Column: What are they thinking?

Published 9:33 am Tuesday, July 12, 2005

By Staff
There are mistakes and then there are monumental gaffs that will be remembered for a lifetime.
The latter was the case this weekend when word came out that the Olympics will be without baseball and softball starting in 2012.
Are you kidding me?
With the exception of soccer and basketball I cannot think of two sports that are more universal than baseball and softball.
Apparently the committee in charge of such things feels that the sports are "too American."
Give me a break!
Yes, the United States has dominated in softball since it was admitted as a sport in 1996.
But baseball has been dominated by Cuba, not the United States since it was introduced back in 1992.

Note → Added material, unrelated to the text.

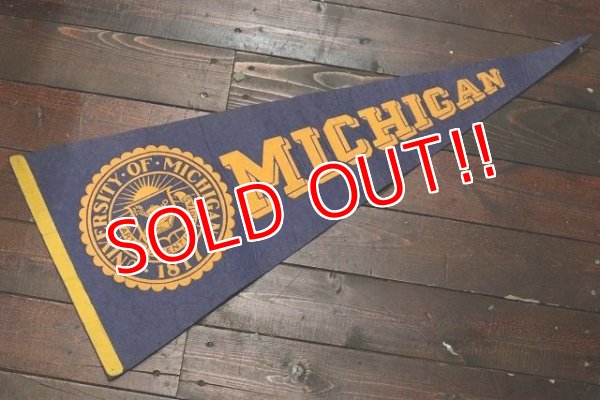 画像1: dp-221101-35 University of Michigan / Vintage Pennant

In fact, America has won just one Gold Medal in Olympic competition in baseball.
Softball is a huge sport in several parts of the world.
Two that jump immediately to mind are Japan and Australia.
Baseball is played in almost every nation on the planet.
Some believe that the president of the International Olympic Committee (IOC), Jacques Rogge, a European, is anti-American.
Rogge tried back in 2002 in Mexico City to get the two sports, plus the modern pentathlon eliminated.
Rogge already seems to be back peddling.
In his announcement that the sports were eliminated after the 2008 Beijing Games, he said they were eligible to get back into the Olympics after the London Games.
Baseball and softball are the first Olympics sports cut since polo in 1936.
There are five sports on a waiting list to replace baseball and softball. They are golf, rugby, squash, karate and roller sports.
Those sports will certainly draw a crowd - NOT!
Don Porter, president of the International Softball Federation was quoted over the weekend that he didn't want to say it is a anti-United States sentiment, but he did point out that baseball and softball are both native to America.
The pentathlon survived based on the fact that it has been around since the first modern games in 1896, and the fact that it had European support.
It's a shame that the Olympics has lost its way. When professional athletes were allowed into the games over a decade ago, I lost interest in them.
Now it seems that the International Olympic Committee is only interested in making that almighty dollar.
It has been suggested that a tougher drug policy and using Major League Baseball players would help bring baseball back to the Olympics.
Too bad softball doesn't have a professional sports league that can provide "big-money" to the IOC.